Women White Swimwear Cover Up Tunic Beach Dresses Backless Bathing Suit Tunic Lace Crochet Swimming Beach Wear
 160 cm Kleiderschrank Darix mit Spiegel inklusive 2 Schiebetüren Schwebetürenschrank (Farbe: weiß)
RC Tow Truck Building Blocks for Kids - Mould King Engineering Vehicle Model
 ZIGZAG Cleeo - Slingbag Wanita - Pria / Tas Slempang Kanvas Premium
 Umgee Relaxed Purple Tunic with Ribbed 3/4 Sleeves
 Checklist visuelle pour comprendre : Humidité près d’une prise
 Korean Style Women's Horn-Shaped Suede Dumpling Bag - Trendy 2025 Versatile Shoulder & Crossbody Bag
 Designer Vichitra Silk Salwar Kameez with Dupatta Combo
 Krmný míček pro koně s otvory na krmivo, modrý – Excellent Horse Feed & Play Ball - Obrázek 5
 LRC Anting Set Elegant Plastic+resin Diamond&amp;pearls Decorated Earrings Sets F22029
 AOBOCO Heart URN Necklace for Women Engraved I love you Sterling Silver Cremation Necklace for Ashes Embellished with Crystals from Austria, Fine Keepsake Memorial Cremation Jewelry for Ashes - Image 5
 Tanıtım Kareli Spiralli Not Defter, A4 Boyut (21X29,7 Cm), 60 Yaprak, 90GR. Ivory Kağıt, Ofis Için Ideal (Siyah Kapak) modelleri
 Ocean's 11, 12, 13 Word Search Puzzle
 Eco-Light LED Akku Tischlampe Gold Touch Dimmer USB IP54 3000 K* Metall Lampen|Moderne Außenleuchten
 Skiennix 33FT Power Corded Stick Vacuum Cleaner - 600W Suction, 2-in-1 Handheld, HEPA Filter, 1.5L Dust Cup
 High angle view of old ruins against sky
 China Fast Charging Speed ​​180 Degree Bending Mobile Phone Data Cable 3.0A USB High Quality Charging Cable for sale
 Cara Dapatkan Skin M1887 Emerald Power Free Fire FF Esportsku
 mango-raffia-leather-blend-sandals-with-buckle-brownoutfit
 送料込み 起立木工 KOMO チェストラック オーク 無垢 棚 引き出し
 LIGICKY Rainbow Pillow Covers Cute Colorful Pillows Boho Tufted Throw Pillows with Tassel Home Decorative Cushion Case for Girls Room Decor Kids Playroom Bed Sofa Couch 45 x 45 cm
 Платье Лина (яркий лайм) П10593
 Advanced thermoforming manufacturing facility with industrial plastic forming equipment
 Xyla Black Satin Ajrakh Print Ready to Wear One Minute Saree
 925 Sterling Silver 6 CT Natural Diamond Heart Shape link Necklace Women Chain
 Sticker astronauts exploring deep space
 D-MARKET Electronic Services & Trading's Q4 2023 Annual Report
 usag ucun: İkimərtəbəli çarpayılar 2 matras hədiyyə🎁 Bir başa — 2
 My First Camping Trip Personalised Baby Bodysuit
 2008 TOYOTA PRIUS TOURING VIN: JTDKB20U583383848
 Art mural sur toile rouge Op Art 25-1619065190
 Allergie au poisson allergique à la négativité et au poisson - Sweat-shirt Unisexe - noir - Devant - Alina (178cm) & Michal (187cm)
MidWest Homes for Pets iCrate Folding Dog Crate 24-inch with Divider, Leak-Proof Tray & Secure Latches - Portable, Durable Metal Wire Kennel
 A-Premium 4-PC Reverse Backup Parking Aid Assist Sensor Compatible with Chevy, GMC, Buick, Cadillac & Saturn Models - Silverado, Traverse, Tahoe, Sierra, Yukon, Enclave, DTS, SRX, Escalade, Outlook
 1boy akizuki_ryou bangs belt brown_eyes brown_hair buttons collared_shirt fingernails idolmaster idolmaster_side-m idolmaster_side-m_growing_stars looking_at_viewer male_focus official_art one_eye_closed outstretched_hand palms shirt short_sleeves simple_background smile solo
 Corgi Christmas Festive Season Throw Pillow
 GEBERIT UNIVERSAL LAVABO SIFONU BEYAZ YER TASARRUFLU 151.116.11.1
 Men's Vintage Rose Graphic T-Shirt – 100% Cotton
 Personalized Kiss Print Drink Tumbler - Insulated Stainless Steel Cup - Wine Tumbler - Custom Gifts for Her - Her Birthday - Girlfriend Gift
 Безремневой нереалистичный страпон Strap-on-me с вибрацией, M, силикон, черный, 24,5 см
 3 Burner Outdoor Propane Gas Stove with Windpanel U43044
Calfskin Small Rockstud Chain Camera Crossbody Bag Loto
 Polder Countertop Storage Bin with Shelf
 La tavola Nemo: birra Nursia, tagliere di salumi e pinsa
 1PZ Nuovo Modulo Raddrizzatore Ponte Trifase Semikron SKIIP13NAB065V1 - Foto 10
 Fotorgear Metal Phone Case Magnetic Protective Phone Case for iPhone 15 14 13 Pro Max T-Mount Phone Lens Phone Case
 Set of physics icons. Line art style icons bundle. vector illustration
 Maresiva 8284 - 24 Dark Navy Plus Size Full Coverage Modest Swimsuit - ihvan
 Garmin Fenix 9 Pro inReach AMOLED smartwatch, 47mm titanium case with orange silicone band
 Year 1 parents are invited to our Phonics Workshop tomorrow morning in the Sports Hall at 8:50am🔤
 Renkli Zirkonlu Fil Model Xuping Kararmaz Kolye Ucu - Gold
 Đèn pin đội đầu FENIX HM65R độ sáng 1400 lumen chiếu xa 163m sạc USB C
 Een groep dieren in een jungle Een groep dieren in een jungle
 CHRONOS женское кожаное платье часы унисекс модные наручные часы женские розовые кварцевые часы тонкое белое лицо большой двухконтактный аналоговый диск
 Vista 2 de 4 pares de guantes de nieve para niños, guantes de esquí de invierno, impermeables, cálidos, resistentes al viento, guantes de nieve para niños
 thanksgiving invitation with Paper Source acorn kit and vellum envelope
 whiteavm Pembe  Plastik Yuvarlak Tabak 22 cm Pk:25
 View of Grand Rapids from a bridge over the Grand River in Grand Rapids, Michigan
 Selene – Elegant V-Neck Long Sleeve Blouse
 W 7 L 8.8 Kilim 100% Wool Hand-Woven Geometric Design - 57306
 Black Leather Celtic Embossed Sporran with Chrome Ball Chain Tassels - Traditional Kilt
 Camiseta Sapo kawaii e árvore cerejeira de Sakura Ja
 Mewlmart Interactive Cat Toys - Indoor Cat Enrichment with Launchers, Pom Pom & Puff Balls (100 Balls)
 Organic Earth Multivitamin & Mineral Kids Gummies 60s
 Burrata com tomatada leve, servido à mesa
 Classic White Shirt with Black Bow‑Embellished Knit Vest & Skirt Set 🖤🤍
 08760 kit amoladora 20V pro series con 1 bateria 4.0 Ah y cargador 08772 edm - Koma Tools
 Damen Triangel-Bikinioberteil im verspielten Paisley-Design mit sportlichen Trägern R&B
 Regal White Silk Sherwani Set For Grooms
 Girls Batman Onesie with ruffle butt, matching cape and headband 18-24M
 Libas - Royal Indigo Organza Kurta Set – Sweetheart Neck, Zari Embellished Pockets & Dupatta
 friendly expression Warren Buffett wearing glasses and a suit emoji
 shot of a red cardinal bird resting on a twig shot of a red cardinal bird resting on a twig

───

▶ _What is being asked_
Copy the lines of the data above exactly as written, beginning with the line containing "Eco-Light LED Akku" and ending with the line containing "Cara Dapatkan Skin", and leave out all other lines.

▶ _Finished exercise_
 Eco-Light LED Akku Tischlampe Gold Touch Dimmer USB IP54 3000 K* Metall Lampen|Moderne Außenleuchten
 Skiennix 33FT Power Corded Stick Vacuum Cleaner - 600W Suction, 2-in-1 Handheld, HEPA Filter, 1.5L Dust Cup
 High angle view of old ruins against sky
 China Fast Charging Speed ​​180 Degree Bending Mobile Phone Data Cable 3.0A USB High Quality Charging Cable for sale
 Cara Dapatkan Skin M1887 Emerald Power Free Fire FF Esportsku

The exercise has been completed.